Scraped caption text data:
★ ★ ★ ★ ★

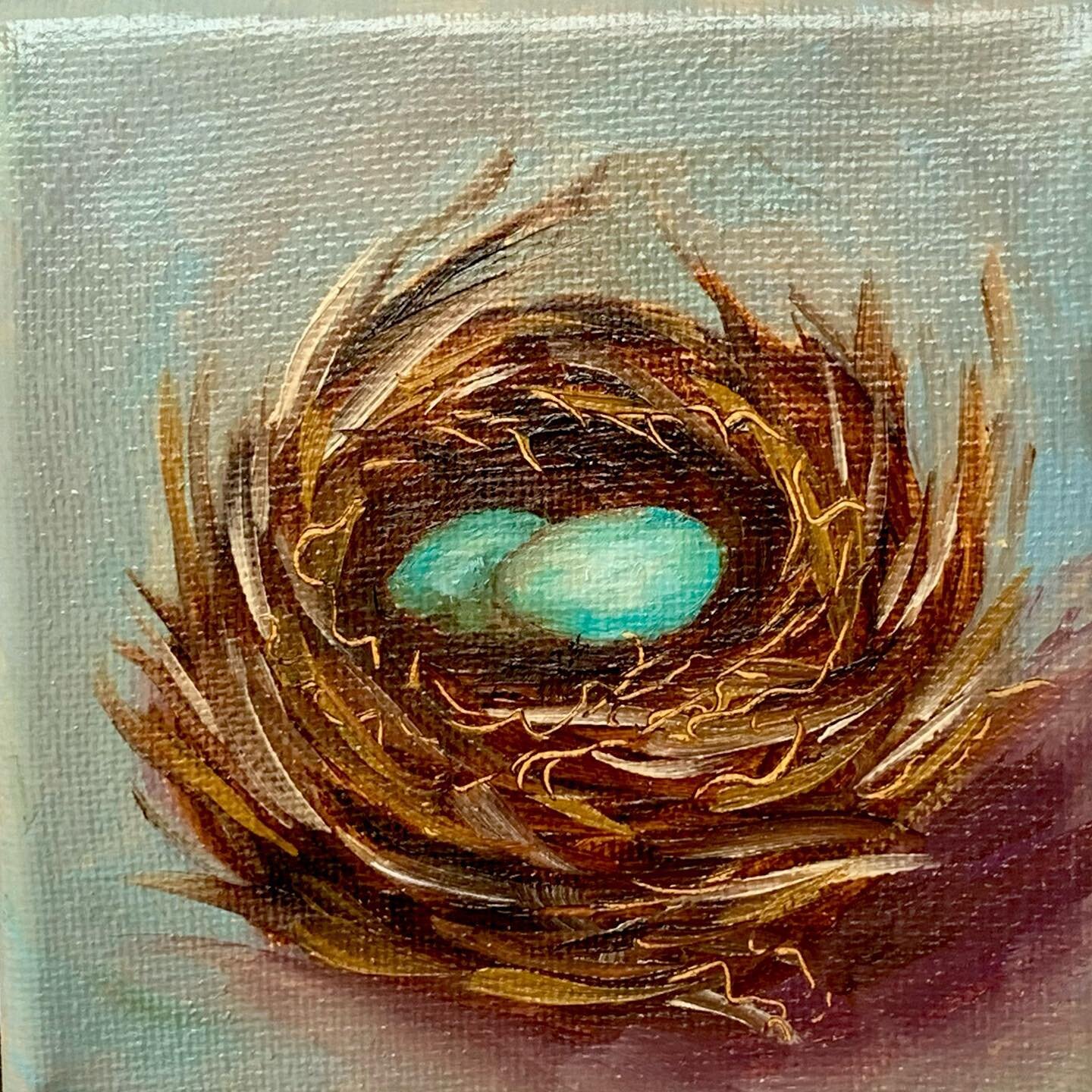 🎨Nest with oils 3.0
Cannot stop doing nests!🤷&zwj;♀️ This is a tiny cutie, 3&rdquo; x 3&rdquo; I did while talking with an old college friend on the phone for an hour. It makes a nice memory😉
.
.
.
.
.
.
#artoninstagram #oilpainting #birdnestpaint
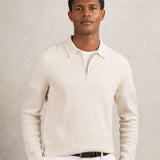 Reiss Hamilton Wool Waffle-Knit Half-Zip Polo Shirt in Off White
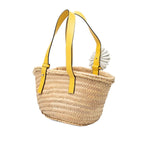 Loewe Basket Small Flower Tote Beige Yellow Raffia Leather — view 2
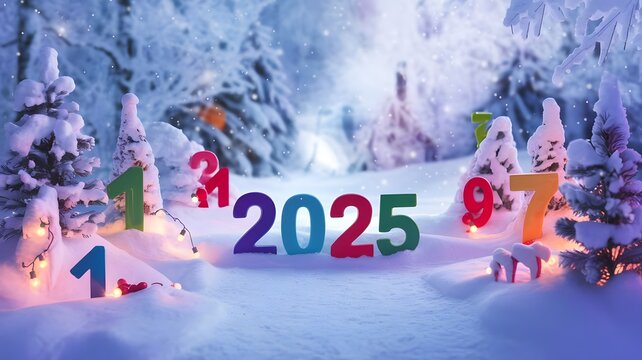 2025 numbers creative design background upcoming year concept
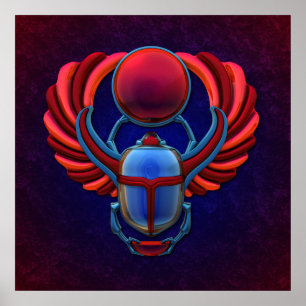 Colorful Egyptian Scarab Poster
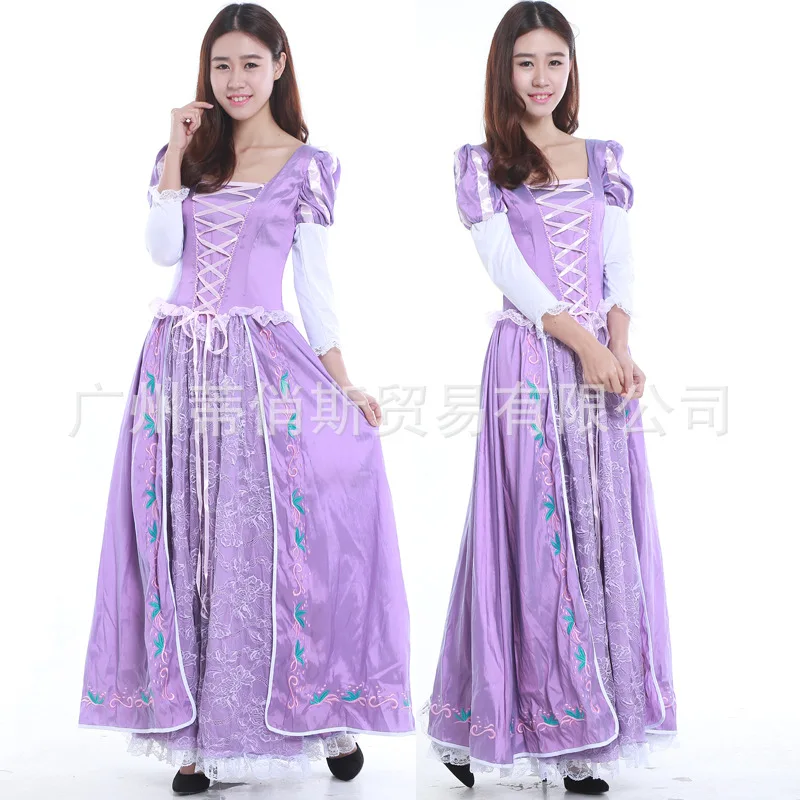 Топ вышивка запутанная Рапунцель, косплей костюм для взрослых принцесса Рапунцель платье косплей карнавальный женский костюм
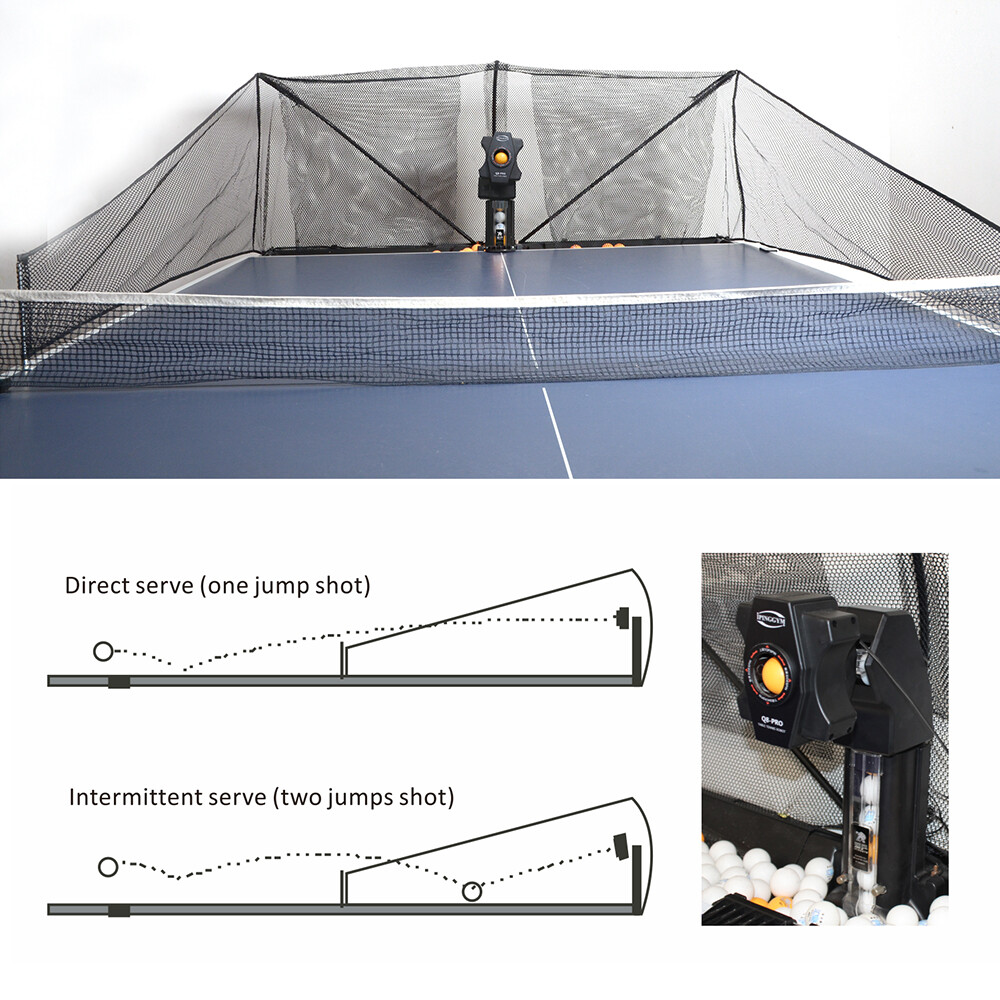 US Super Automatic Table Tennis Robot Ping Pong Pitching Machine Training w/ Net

★ ★ ★ ★ ★

**EXERCISE GOAL**
Without the pictures, restate all of the entries word for word.

**OUTPUT**
 🎨Nest with oils 3.0
Cannot stop doing nests!🤷&zwj;♀️ This is a tiny cutie, 3&rdquo; x 3&rdquo; I did while talking with an old college friend on the phone for an hour. It makes a nice memory😉
.
.
.
.
.
.
#artoninstagram #oilpainting #birdnestpaint
 Reiss Hamilton Wool Waffle-Knit Half-Zip Polo Shirt in Off White
 Loewe Basket Small Flower Tote Beige Yellow Raffia Leather — view 2
 2025 numbers creative design background upcoming year concept
 Colorful Egyptian Scarab Poster
 Топ вышивка запутанная Рапунцель, косплей костюм для взрослых принцесса Рапунцель платье косплей карнавальный женский костюм
 US Super Automatic Table Tennis Robot Ping Pong Pitching Machine Training w/ Net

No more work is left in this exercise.